Okay, I’m not directly quoting Miley Cyrus. Almost but not quite. Apparently she’s in a new movie. I should stop right here to say that I’ve never seen anything she has ever done and only recently heard a song of hers for the first time. She’s kind of off my radar. That said, the television was left on after the nightly news ended and they were talking about her new movie on one of those celebrity type shows I normally avoid. I wasn’t really listening until I heard her movie dad (actor Greg Kinnear, whom I love which is why my ears perked up) say the following:
Sometimes you have to be apart from people you love but that doesn’t mean you love them any less. Sometimes it even makes you love them more.
I immediately pressed pause (yay DVR), opened this blog and began writing.
I’ve been avoiding the drama that Dawn has been enduring, so graciously, due to a great post that she wrote. I’ve been avoiding it because this is the time of year when avoidance is my only form of defense.
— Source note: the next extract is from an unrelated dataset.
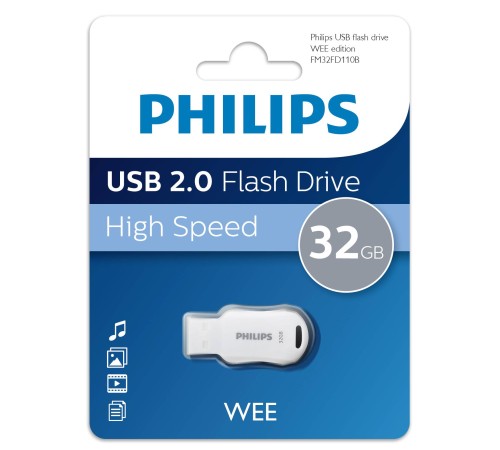 Флеш накопитель 32GB PHILIPS WEE 2.0 32GB, USB 2.0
As the holidays wash over us and the Munchkin’s birthday lands, splat, right in the middle of all of it, I just get emotionally overwhelmed with the absolute longing I feel when she pops into my mind.
I recognize that not all birth mothers feel the same. I acknowledge that as I know too many and have witnessed not only the difference in our individual experiences but in how we react to what we have both caused and been dealt. I won’t pretend that every birth mother feels the same. I will, however, state that if parents considering relinquishment were offered better counseling, those of us who deal with severe guilt, anger, regret and depression would have been a step ahead of the initial shock. Even those who dealt well with the loss associated with relinquishing could have benefited from better counseling. Until agencies are actively educating parents considering placement about the ins and outs of grief, the truth about what they might expect, we’re setting birth parents up for potential failure. Note the word potential because even though I didn’t receive counseling, I have succeeded. But, of course, you can read back over my archives or point-blank ask me as to the many failures I’ve had along the way. How much sooner would I have reached my personal place of peace if I had been properly counseled both before and after Munchkin’s adoption? That’s the question to ponder.
Anyway, yes, I’m missing the Munchkin right now. The boys are having their birthday party tomorrow. I wrote about how my older son’s birthday made me feel. Tonight I’m feeling mostly sad that the Munchkin won’t be running around the party with her brothers, bothering them when they blow out their candles and generally acting like a know-it-all older sister. It hurts my heart right now. I’ll be fine, of course, because that’s how I roll but, tonight, I miss her.
And that quote made me sad and not-so-sad all at the same time. I understand that we have to be apart. I understand my choices and my part in this process. And I understand that I love her more than most people will ever be able to accept or understand. But the truth is that, tonight, logic and such aside, I miss my daughter. I just do.